Recently, there has been a lot of talk about the health benefits of quinoa, also known as quinoa. So what is so special about quinoa that contributes to its popularity? It is a rich source of wholesome protein, healthy fatty acids, various vitamins and minerals. It delays the aging process of the body, additionally it also has anti-cancer properties. What is the use of quinoa?
Quinoa – what exactly is it?
Quinoa is identified as a type of cereal that produces starchy seeds. Nutritional value of quinoa have been known for a long time in South America – their place of origin. It has recently gained popularity in Poland thanks to the recognition of its properties. In addition to the vitamins, minerals, protein, fatty acids, it also contains flavonoids and saponins that inhibit the development of inflammatory processes, fungi, and the multiplication of viruses. Other cereals do not contain flavonoids, which emphasizes the uniqueness of quinoa. As you know – it is a desirable ingredient due to its antioxidant effect.
Quinoa – nutritional value
Komos Vegetarians are particularly fond of it, thanks to the fact that it contains large amounts of wholesome protein and all essential amino acids. This solution can also be used in the menu by those who resign from eating meat for health reasons – due to the unhealthy fatty acids it contains.
Scientists prove anti-cancer effect quinoaclaiming that extracts from quinoa seeds, sprouts and leaves they inhibit the growth of cancer cells, limit their communication capabilities and movement activity.
Pigweed it is also an important element in the fight against atherosclerosis.
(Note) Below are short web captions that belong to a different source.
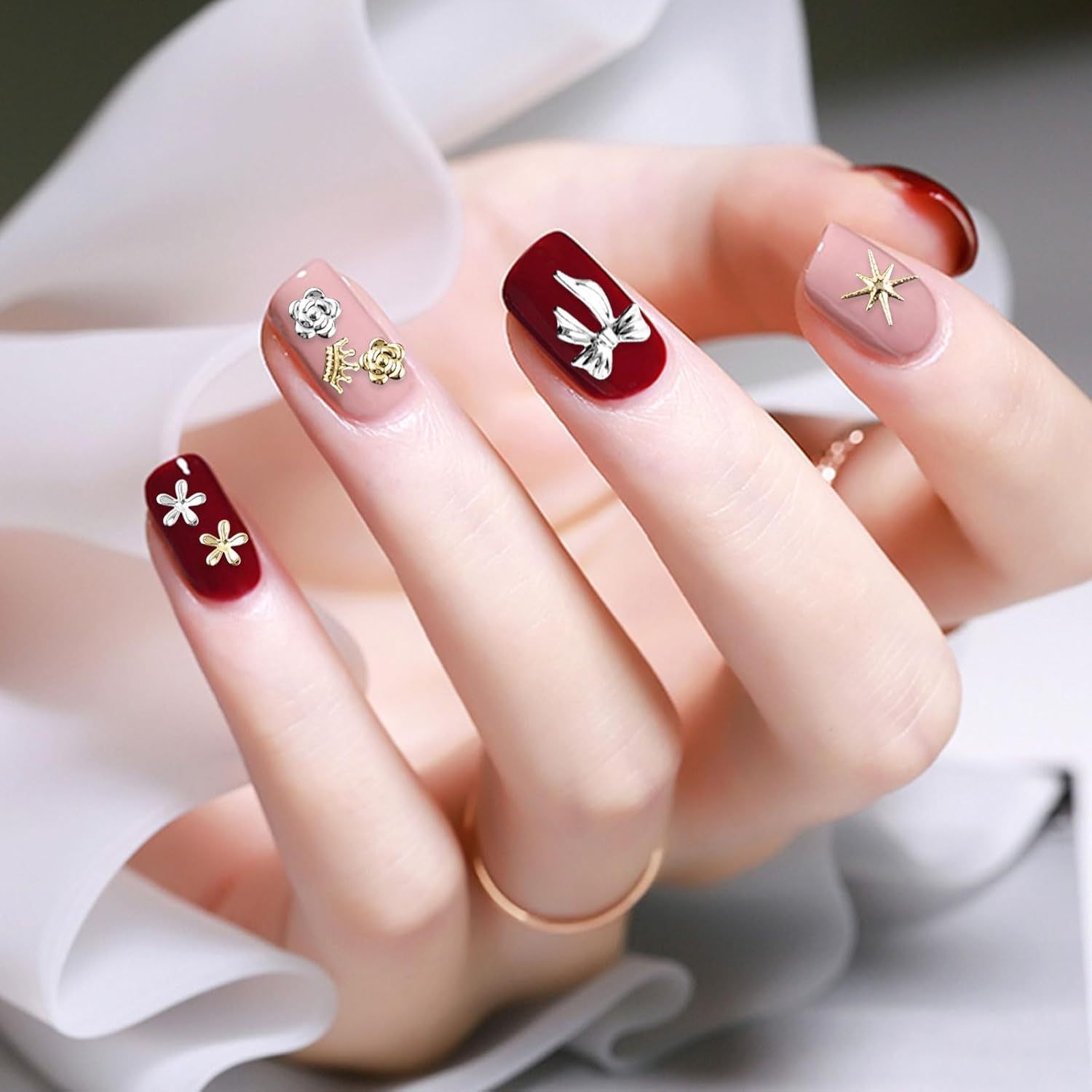 Gold Silver Nail Charms, 2 Boxes 24 Grid Star Heart Flowers Bows Nails Charm Nail Studs, Punk Metal Alloy Nail Gemstone Bow Knot Moon Decoration Accessories for Nail Design DIY Crafts image number 6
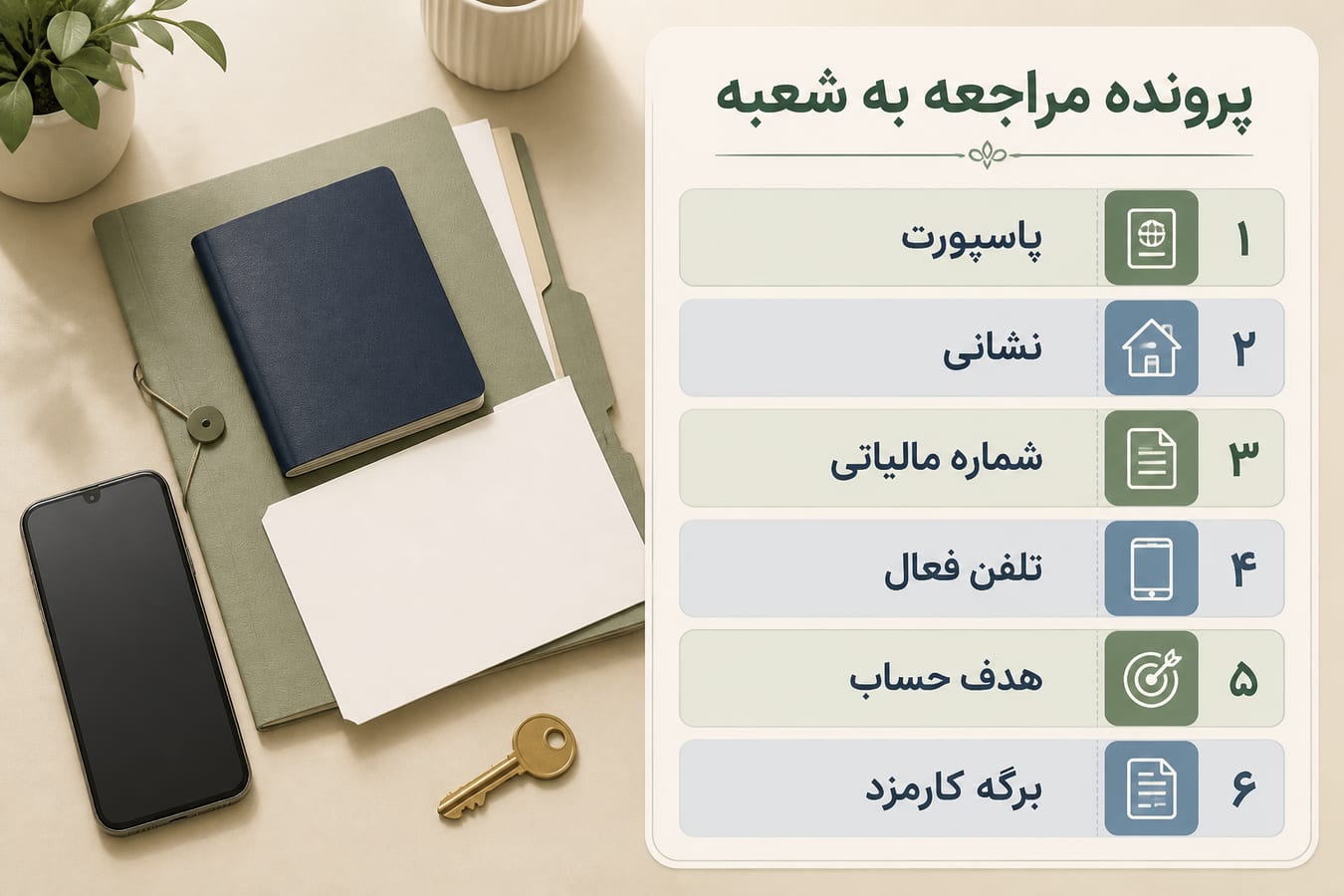 چکلیست مدارک لازم برای مراجعه به شعبه بانک در ترکیه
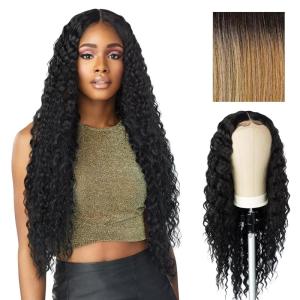 Sensationnel Butta Lace Wigs – Unit 3 Extra Wide 5 Inch Deep Parting Synthetic Preplucked Hairline Glueless Lacefront (Jet Black 1)(T4/HONEYBLONDE)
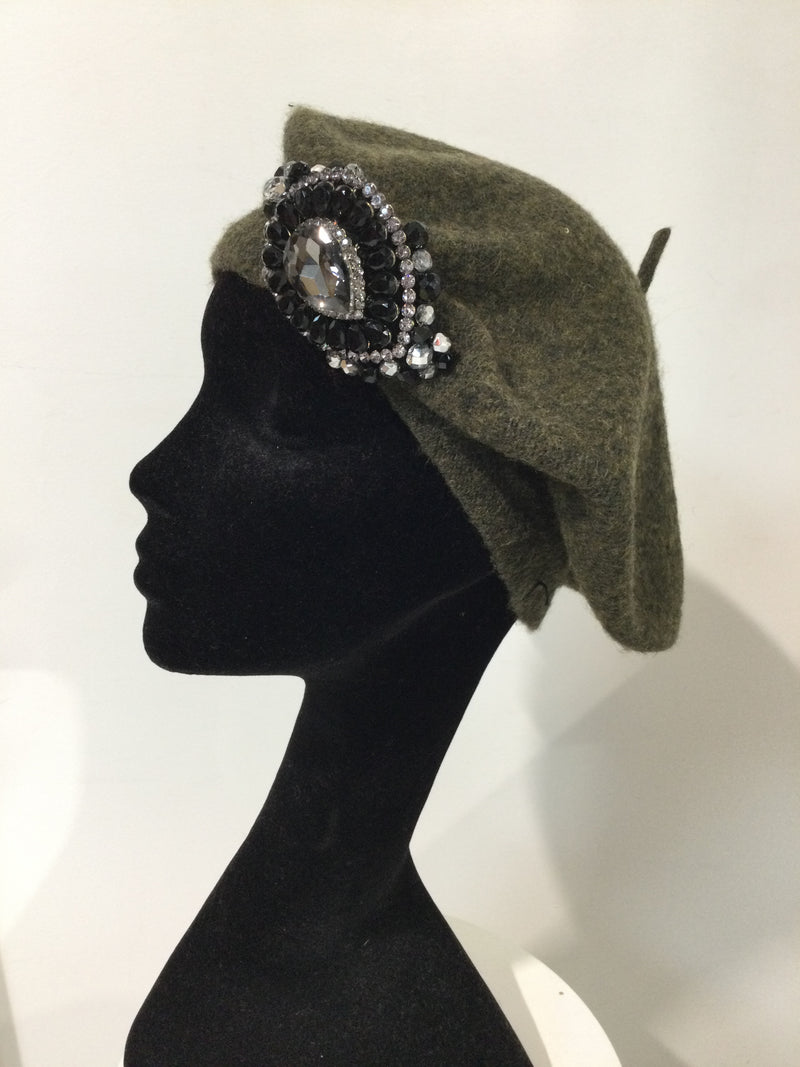 Khaki Beret with Silver Embellishment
Quinoa grains contain many unsaturated fats (linolenic, oleic, linoleic acids). By enriching the diet with quinoa cholesterol levels are lowered, the risk of atherosclerosis and other cardiovascular diseases is reduced.
Po quinoa people with glucose intolerance. It has been proven that daily consumption quinoi it is non-invasive for people suffering from celiac disease. However, it is noted that the long-term effect of quinoa consumption should be additionally checked. The same applies to diabetics – due to the low glycemic index, it can also be consumed by diabetics. This is also because Quinoa It is a source of fiber that lowers blood glucose levels.
How to cook quinoa?
Quinoa Salad it is characterized by a nutty flavor and a form similar to groats. Quinoa comes in the form of grains, which should be thoroughly rinsed before cooking. Quinoa flakes cooks similarly to regular rice, about 10-15 minutes in a 2:1 ratio, one cup of water for two cups of water comomy.
Application quinoi in the kitchen has a very wide range. On the one hand, it can be used as an ingredient of traditional dinner dishes (instead of rice, groats, potatoes, pasta), on the other hand, its slightly sweet taste will go well with desserts and baked cookies. In addition, it will also work as a component of soups, stews, salads. Roasted quinoa grains can also be added to yogurt. It also applies quinoa flour as a healthier alternative to traditional flour.
It may happen that the intake white quinoa will cause an allergic reaction with the symptoms of urticaria, edema, swallowing disorders.